**MATERIALS PROVIDED**
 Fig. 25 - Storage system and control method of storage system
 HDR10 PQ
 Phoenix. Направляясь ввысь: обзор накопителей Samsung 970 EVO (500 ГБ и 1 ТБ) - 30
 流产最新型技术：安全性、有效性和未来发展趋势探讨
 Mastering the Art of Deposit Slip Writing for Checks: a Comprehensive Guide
* * *
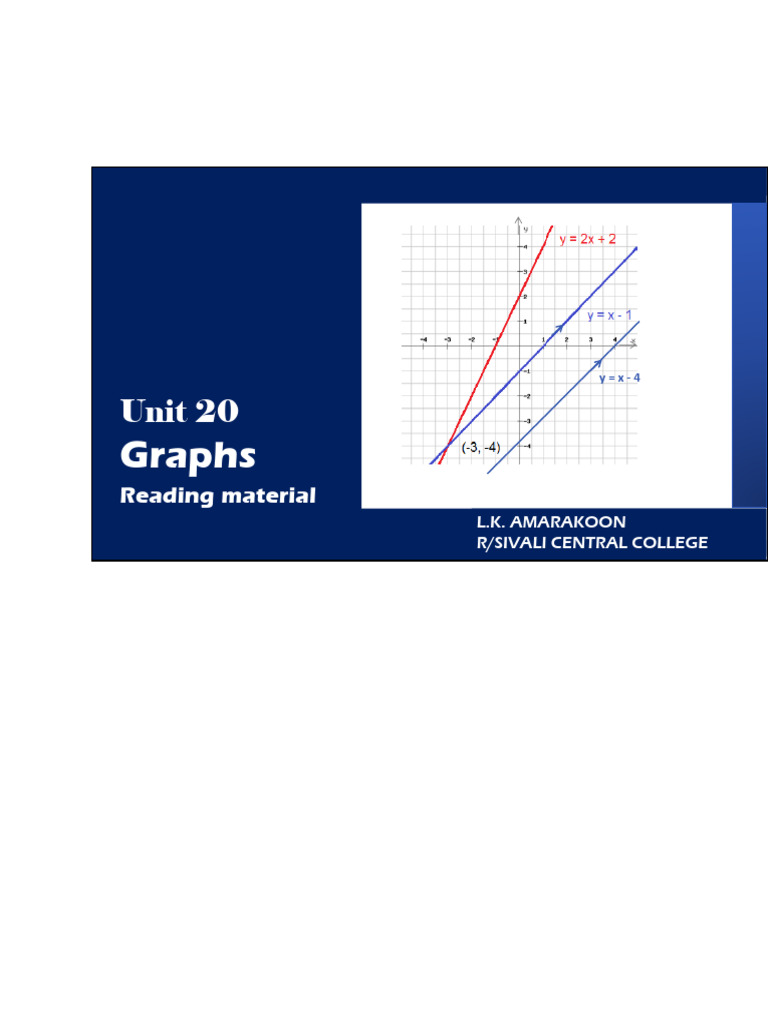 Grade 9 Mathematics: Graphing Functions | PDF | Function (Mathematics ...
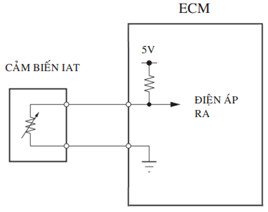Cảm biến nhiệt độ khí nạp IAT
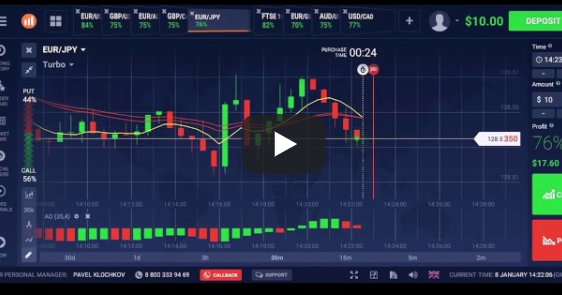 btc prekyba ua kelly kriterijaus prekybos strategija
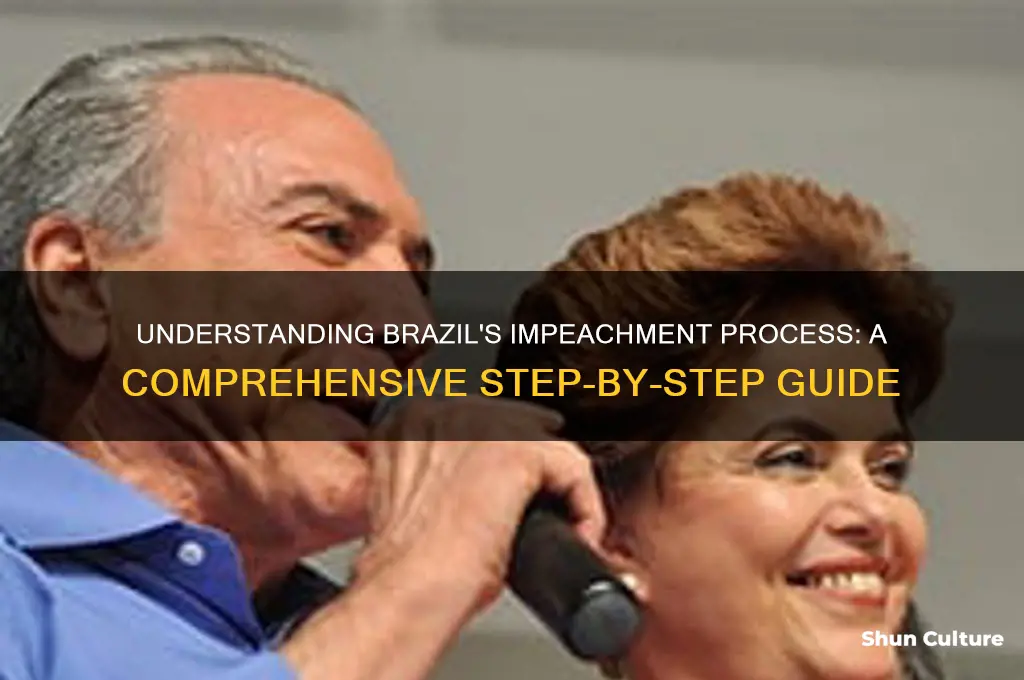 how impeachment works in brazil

**TASK STATEMENT**
From the records above, copy out the line with "流产最新型技术：安全性、有效性和未来发展趋势探讨", the line with "Mastering the Art", and every line between them, word for word.

**TASK RESPONSE**
 流产最新型技术：安全性、有效性和未来发展趋势探讨
 Mastering the Art of Deposit Slip Writing for Checks: a Comprehensive Guide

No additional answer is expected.